“One of the most important books of poetry to come along in years.” —Craig Morgan Teicher, NPR
Named a Best Book of 2019 by NPR and Publishers Weekly, Hybrida is a stirring and confident examination of mixed-race identity, violence, and history skillfully rendered through the lens of motherhood. In an agile blend of zuihitsu, ghazal, mosaic poems, and lyric essays, Tina Chang “evokes the bottomless love and terror of motherhood as she describes raising her mixed-race son” (New York Times). Ambitious and revelatory, Hybrida establishes Chang as one of the most vital voices of her generation.
The title of Chang's third collection signals a fusion of disparate elements, a hybrid that's been seemingly feminized.

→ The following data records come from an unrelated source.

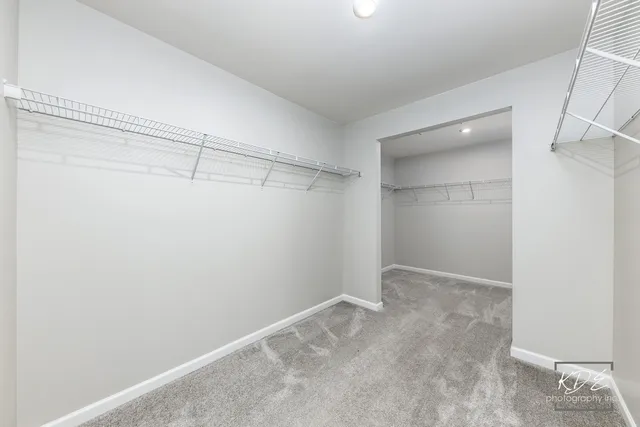 a view of a room with shelf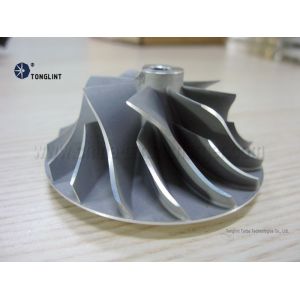 HX35 H1C Turbocharger Compressor Wheel Turbine End 54mmX83mm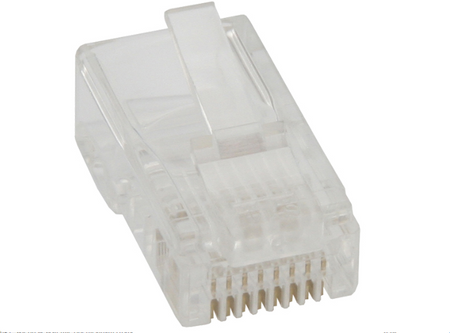 Wtyk telefoniczny LAN RJ45 8p8c 2szt.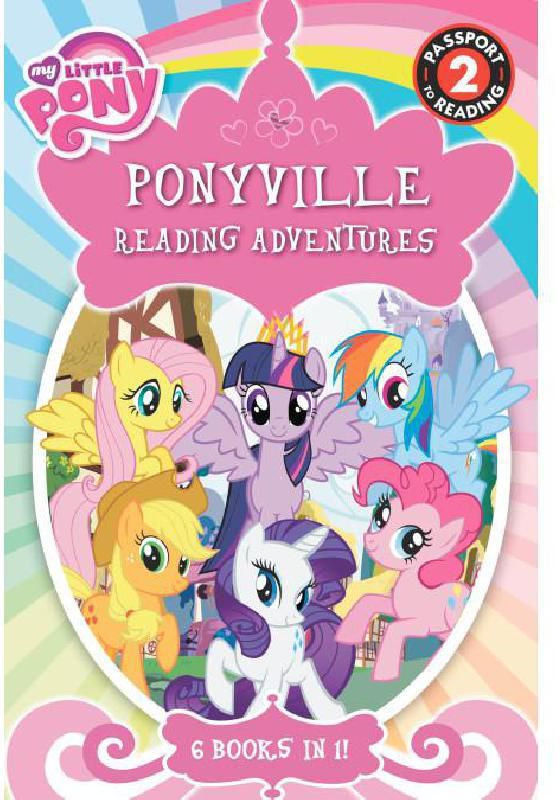 My Little Pony: Ponyville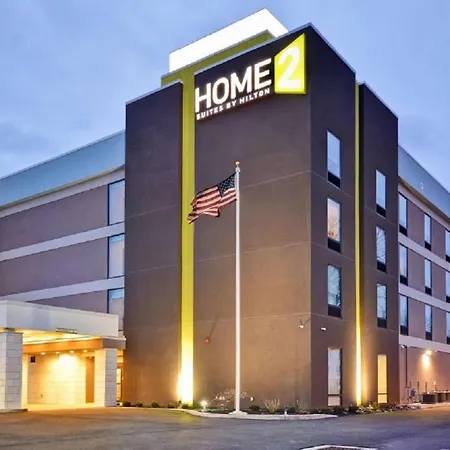 Home2 Suites By Hilton Columbus/West, Oh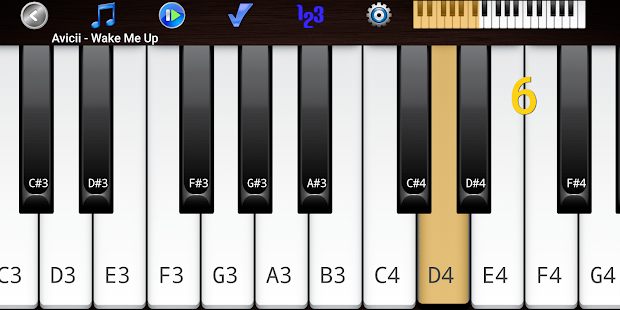Piano Melody Loading Improved Screenshots 1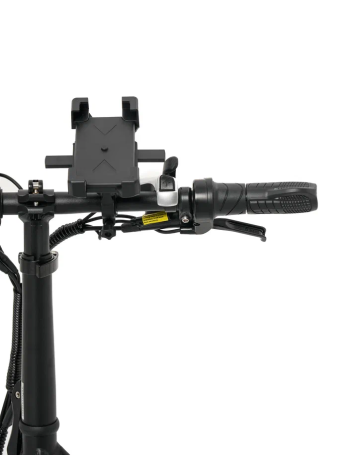 Электровелосипед Jetson GRIZZLY 1200w48v15ah черный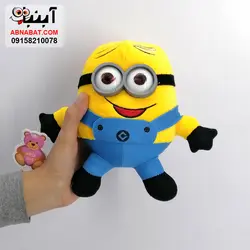 عروسک مینیون مدل باب 22 سانت کد 1152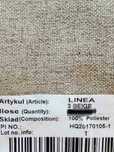 Тканина меблева оббивочна Linea 3 beige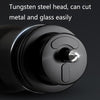 XL91 Car Breakster Escape Emergency Safety Hammer Cutter Multi-Function Mini Window Escape(Darkly Dark)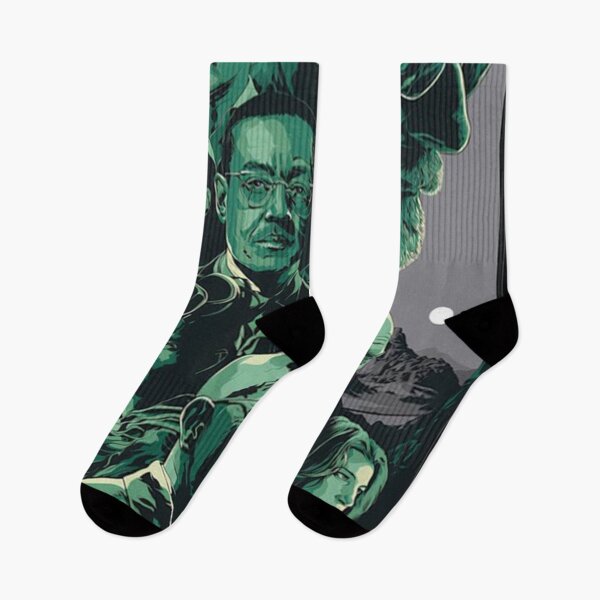 Item preview, breaking bad poster designed and sold by jeffrin.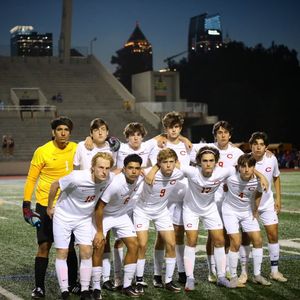 Image post by @cchsboys_soccer on Twitter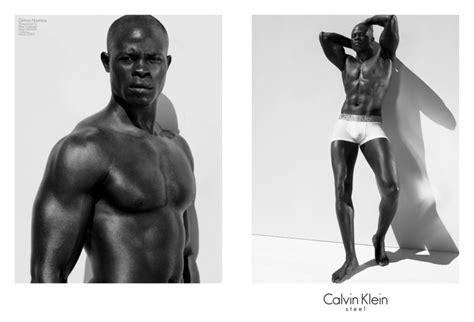 calvin klein black models|calvin klein bikini models.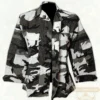 Chaqueta camuflada M81 Urban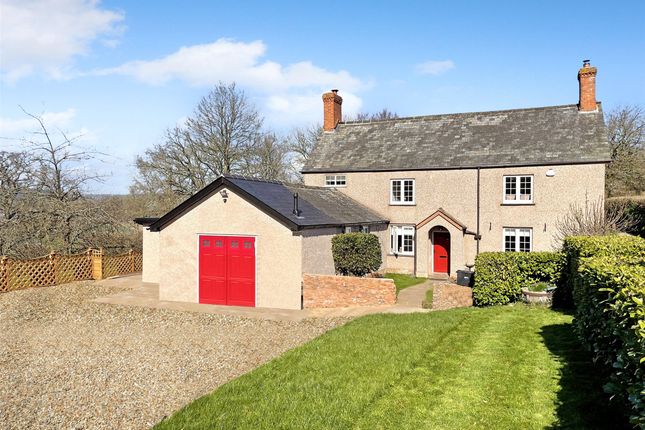 Thumbnail Detached house for sale in Milverton, Wiveliscombe, Taunton, Somerset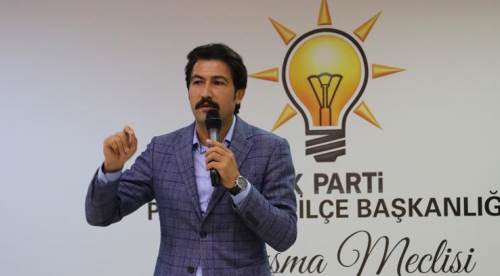 AK Partili milletvekili Eskişehir'de kaza geçirdi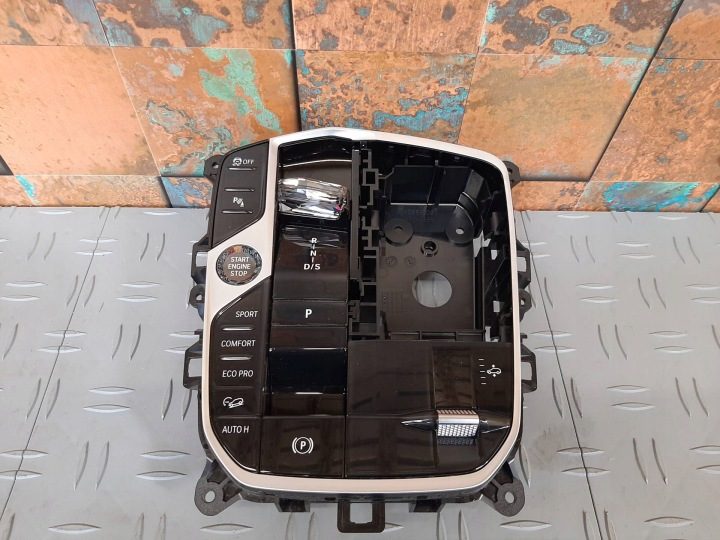 Джойстик Кулиса Ручка КПП BMW X5 G05 X6 G06 9 л.с.!!! Glass Application, фото 2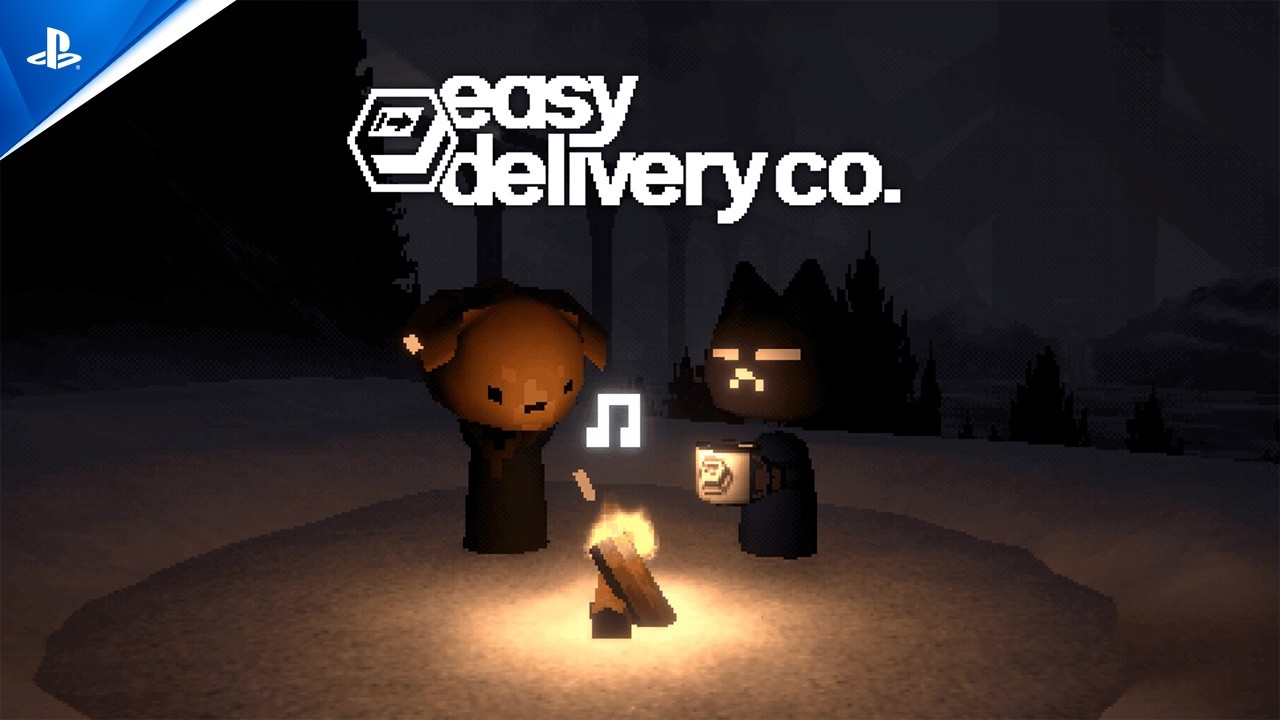 Easy Delivery Co. - Free Update Out Now | PS5 Games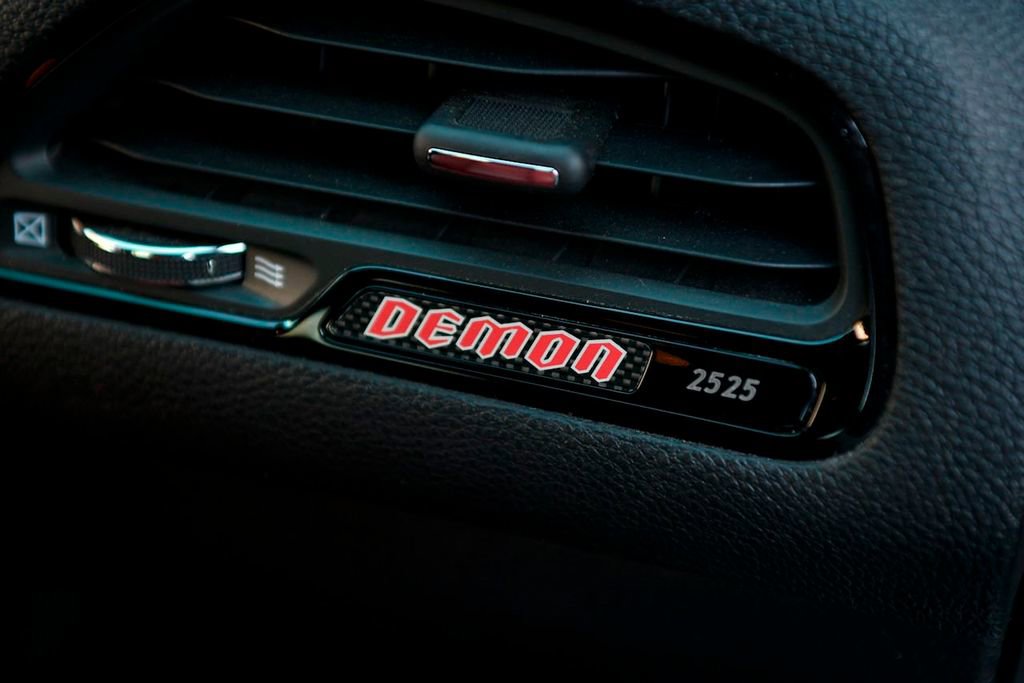 Used 2018 Dodge Challenger SRT Demon image 38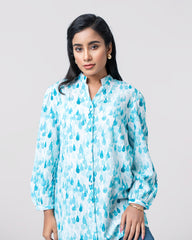 Oversized Fit Casual Shirt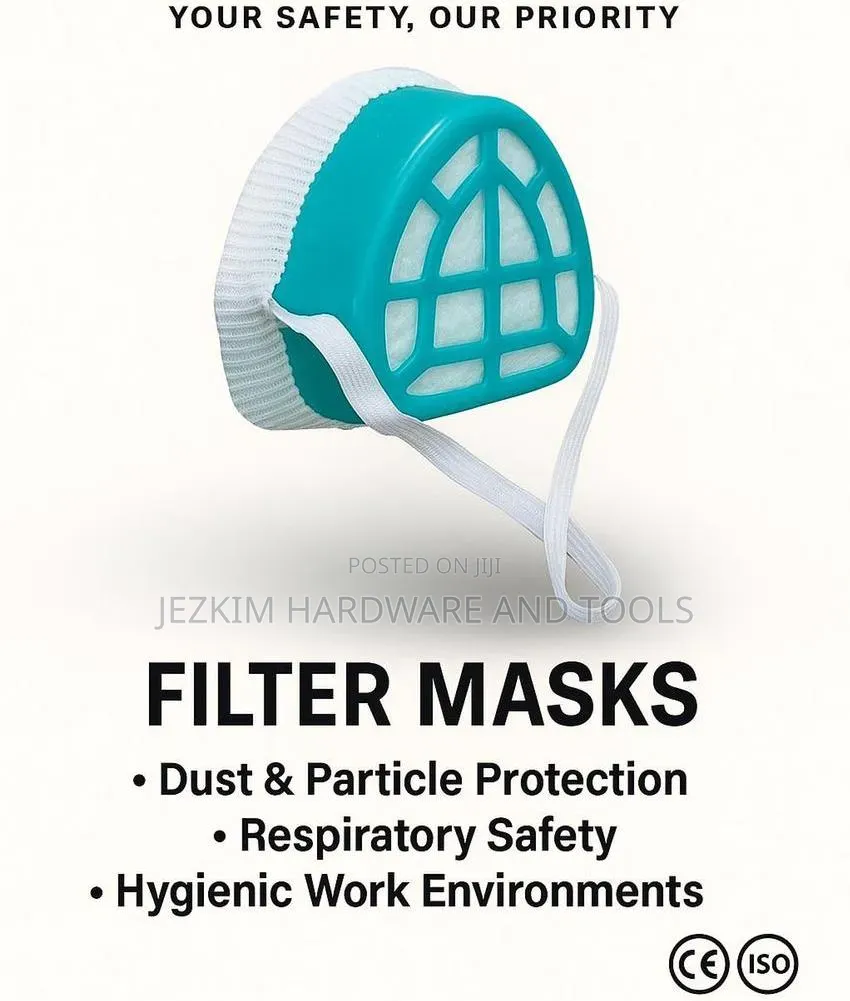 Filter Duat Mask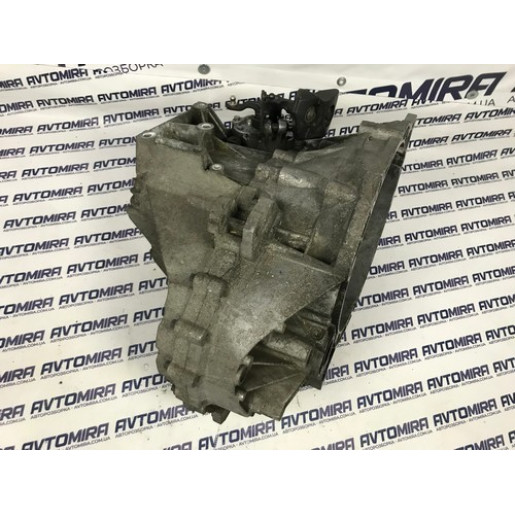 КПП коробка переключения передач Ford Focus 2 2.0 TDCI 2008-2010 8M5R7002FC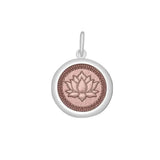 LOLA 27mm Lotus Pendant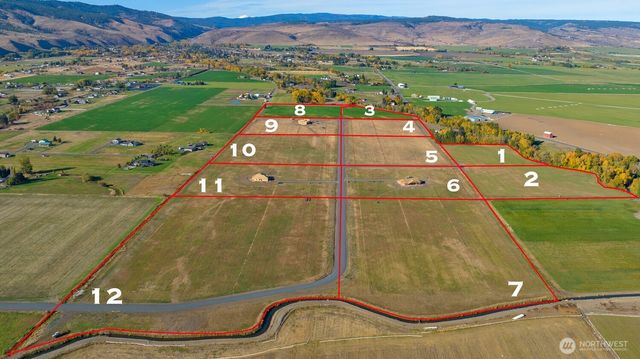 0 Lot 10 Waterbrook Lane, Ellensburg, WA 98926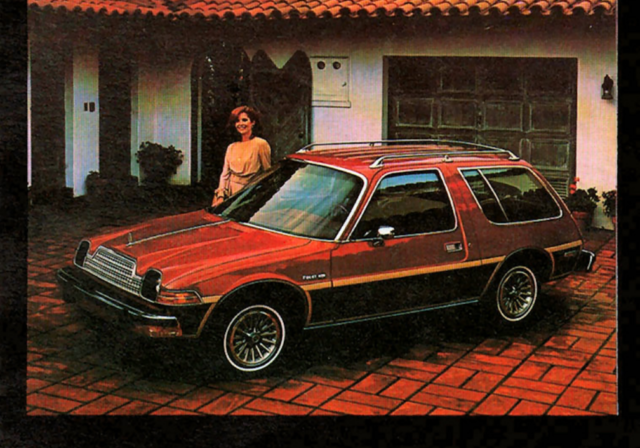 1979 AMC Pacer - photo 12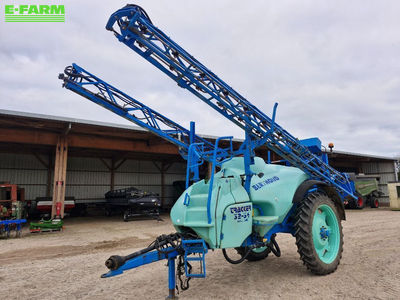 E-FARM: Berthoud tracter - Pulvérisateur - id RXBIG8G - 25 000 € - Année: 2013 - France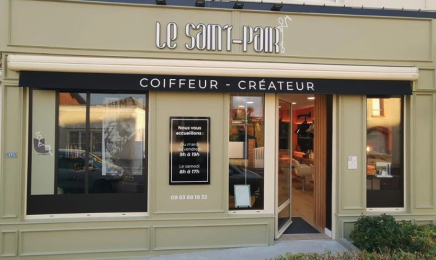 Le Saint-Pair : Coiffeur à Saint-Pair-sur-Mer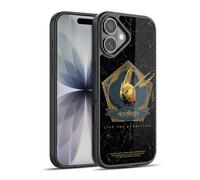 Head Case Designs Officially Licensed Hogwarts Legacy Golden Snidget Graphics Gel Armour Case [Military Grade Protection] Compatible With Apple iPhone 17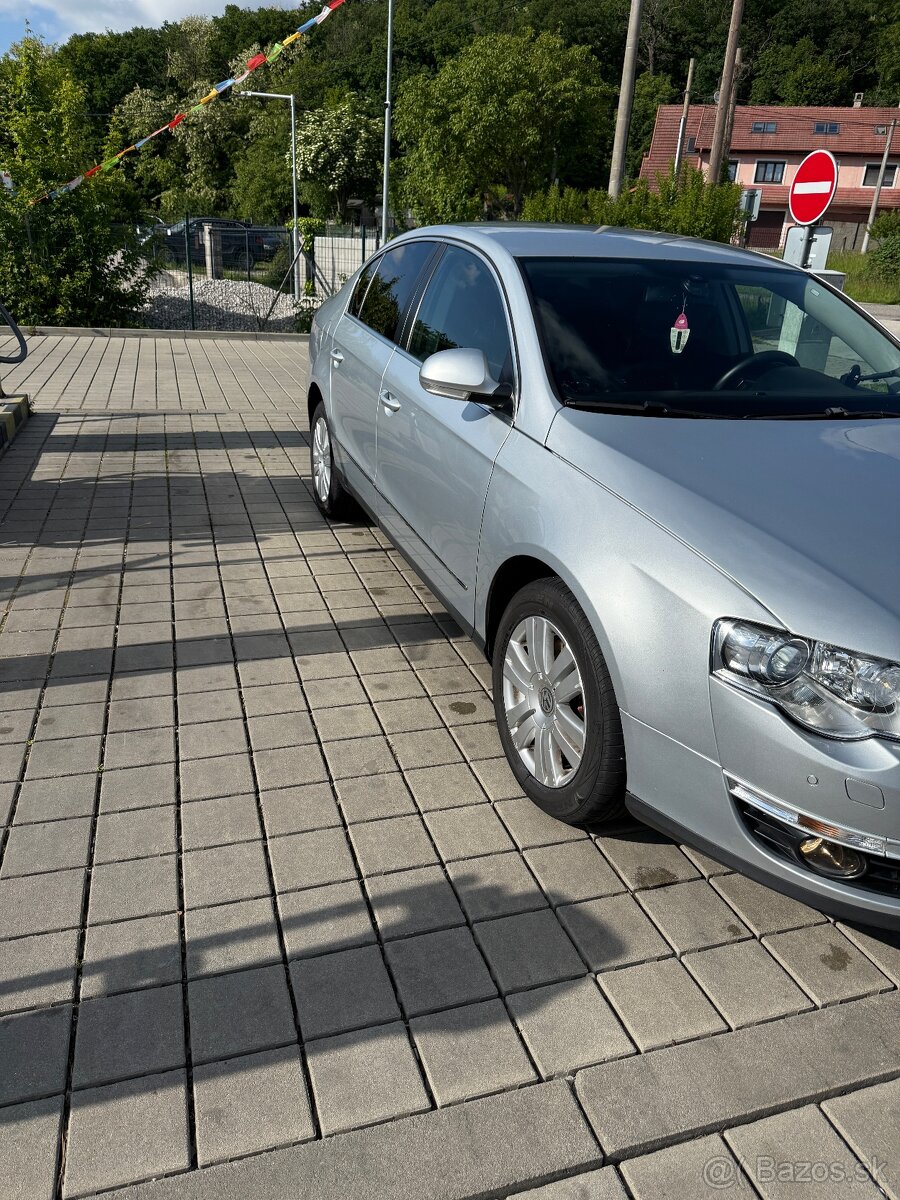Predám vw passat b6 2.0 TDI
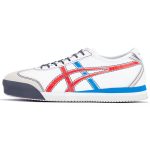Onitsuka Tiger MEXICO 66 PF Cow Leather Cushioning Lightweight Cushioning Lightweight Low top Casual Shoes Unisex 1183A971-100 37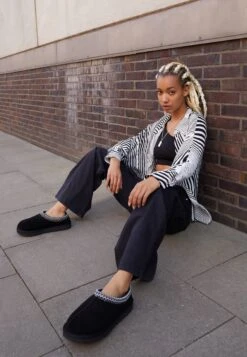 Ugg Tasman - Pantuflas - Black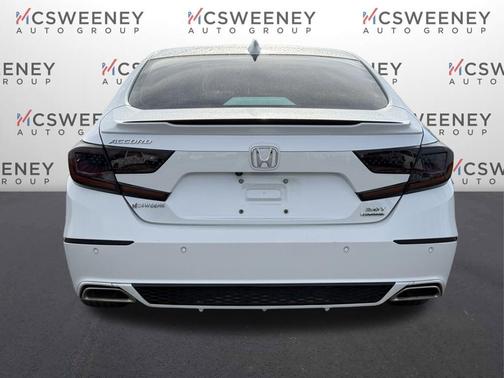 2021 Honda Accord Touring 2.0T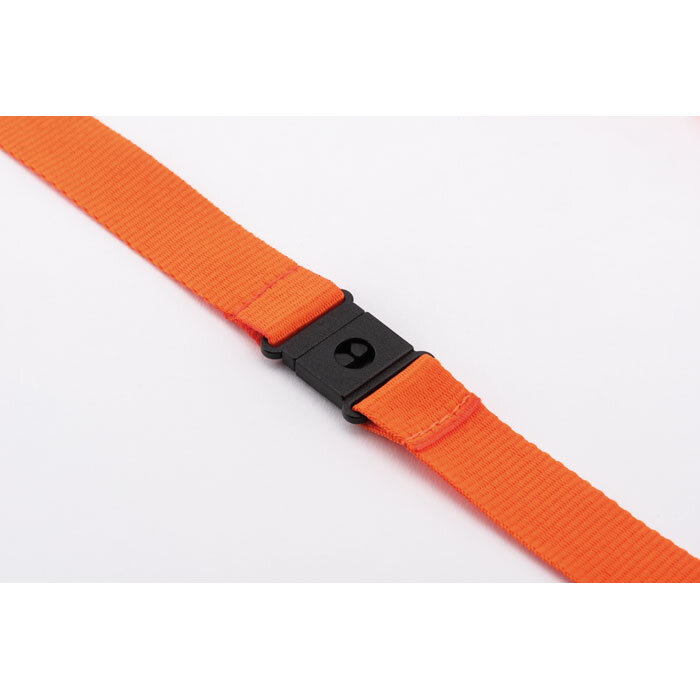 Tour de cou publicitaire avec attache de sécurité - Pany | pandacolach - 2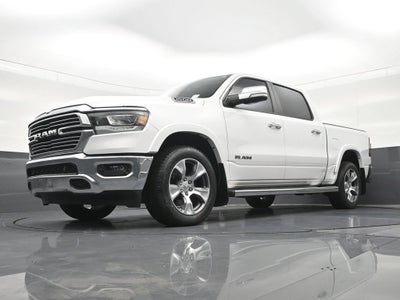 2020 RAM 1500 Laramie Crew Cab 4x2 5'7" Box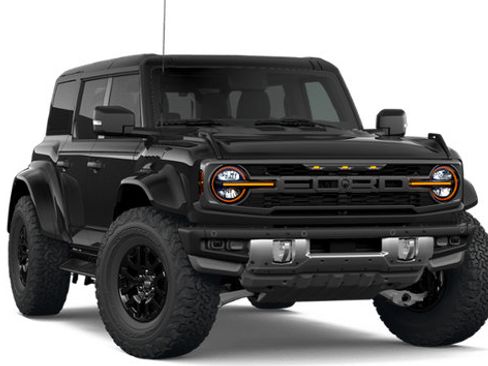 New 2026 Ford Bronco Raptor AWD/4WD image 4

This m lange appears across an impressive array of forms: prose poems, ghazals, responses to artworks (by Alexandria Smith and Kara Walker, for example), the several-page "Bitch" and "Creation Myth," as well as verse that explores Chang's personal history. Primarily, though, this is a book about the speaker's son: her love for him, and how she and he negotiate his blackness in the world. In the opening poem, "He, Pronoun," she writes: "I have a right to fear for him,// though I have no right to claim his color./ His blackness is his to own and what will// my mouth say of that sweetness." The poem closes on the image of her son in her lap, a quotidian moment, but they "watch the door." With more urgency than a news article could achieve, Chang conveys the fear and rage at the reality that the color of her son's skin will mean she is unable to keep him safe. The title poem, subtitled "a zuihitsu," is a collage of questions and observations about identity, which at its end suggests hope for the future: "Wilderness/ of the mind. But it's changing."